═══ Supplied entries ═══

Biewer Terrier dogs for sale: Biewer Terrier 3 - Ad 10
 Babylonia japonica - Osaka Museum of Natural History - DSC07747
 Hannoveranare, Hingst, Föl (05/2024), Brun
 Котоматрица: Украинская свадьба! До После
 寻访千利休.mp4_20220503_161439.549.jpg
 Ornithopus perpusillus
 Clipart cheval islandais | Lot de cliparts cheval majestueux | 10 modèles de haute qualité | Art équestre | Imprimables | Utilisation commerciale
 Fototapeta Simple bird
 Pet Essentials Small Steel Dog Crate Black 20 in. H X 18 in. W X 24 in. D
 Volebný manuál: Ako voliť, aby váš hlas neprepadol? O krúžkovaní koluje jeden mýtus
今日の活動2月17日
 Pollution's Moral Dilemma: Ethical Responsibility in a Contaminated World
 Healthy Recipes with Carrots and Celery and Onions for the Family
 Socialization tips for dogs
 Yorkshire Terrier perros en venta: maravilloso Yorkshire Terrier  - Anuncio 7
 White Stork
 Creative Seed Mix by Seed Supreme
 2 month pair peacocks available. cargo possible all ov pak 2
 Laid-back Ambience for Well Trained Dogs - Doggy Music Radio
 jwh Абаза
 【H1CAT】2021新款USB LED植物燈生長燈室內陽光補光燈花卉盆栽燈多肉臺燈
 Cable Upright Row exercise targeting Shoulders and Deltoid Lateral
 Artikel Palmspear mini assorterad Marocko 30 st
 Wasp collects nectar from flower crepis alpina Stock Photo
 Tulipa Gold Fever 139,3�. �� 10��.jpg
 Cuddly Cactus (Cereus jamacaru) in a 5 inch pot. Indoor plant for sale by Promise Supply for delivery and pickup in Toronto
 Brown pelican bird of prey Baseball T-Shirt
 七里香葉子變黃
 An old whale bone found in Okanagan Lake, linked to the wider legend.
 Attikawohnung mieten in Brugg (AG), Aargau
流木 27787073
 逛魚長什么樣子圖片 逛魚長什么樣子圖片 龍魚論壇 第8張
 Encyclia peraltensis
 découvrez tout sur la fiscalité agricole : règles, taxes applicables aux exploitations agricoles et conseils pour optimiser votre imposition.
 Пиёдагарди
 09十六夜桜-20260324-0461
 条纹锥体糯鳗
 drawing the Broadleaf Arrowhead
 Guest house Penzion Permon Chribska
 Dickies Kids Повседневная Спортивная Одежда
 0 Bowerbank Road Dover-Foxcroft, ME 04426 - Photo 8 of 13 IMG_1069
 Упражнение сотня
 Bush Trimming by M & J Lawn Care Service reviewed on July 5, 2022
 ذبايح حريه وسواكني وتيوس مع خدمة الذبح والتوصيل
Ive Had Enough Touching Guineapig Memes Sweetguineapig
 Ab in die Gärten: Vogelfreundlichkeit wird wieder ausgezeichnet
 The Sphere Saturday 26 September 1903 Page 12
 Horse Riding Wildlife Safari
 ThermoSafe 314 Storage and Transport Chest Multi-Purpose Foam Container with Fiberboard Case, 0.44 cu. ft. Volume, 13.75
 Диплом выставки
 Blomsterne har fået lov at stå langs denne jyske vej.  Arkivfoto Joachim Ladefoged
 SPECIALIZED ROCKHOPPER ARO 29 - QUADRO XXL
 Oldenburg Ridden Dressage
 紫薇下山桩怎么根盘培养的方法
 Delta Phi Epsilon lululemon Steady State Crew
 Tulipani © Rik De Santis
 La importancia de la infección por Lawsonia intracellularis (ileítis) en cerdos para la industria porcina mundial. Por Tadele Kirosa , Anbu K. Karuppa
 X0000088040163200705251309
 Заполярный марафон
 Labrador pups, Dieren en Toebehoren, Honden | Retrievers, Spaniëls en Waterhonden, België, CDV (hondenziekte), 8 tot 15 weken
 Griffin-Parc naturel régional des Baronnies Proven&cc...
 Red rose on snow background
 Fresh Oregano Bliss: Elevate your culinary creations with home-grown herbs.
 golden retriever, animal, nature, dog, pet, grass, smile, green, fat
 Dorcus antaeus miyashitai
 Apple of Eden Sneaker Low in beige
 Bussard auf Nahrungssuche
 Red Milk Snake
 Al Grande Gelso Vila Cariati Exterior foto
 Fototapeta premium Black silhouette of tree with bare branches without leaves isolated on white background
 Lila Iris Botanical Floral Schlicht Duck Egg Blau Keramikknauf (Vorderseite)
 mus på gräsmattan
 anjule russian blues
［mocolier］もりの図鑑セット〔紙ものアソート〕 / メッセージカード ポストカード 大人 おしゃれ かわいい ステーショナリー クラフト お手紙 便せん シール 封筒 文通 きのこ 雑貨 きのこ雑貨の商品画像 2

═══

Return only the exact lines from the opening of the records through the line that contains "Ornithopus perpusillus", both included.

Solution for this exercise:
Biewer Terrier dogs for sale: Biewer Terrier 3 - Ad 10
 Babylonia japonica - Osaka Museum of Natural History - DSC07747
 Hannoveranare, Hingst, Föl (05/2024), Brun
 Котоматрица: Украинская свадьба! До После
 寻访千利休.mp4_20220503_161439.549.jpg
 Ornithopus perpusillus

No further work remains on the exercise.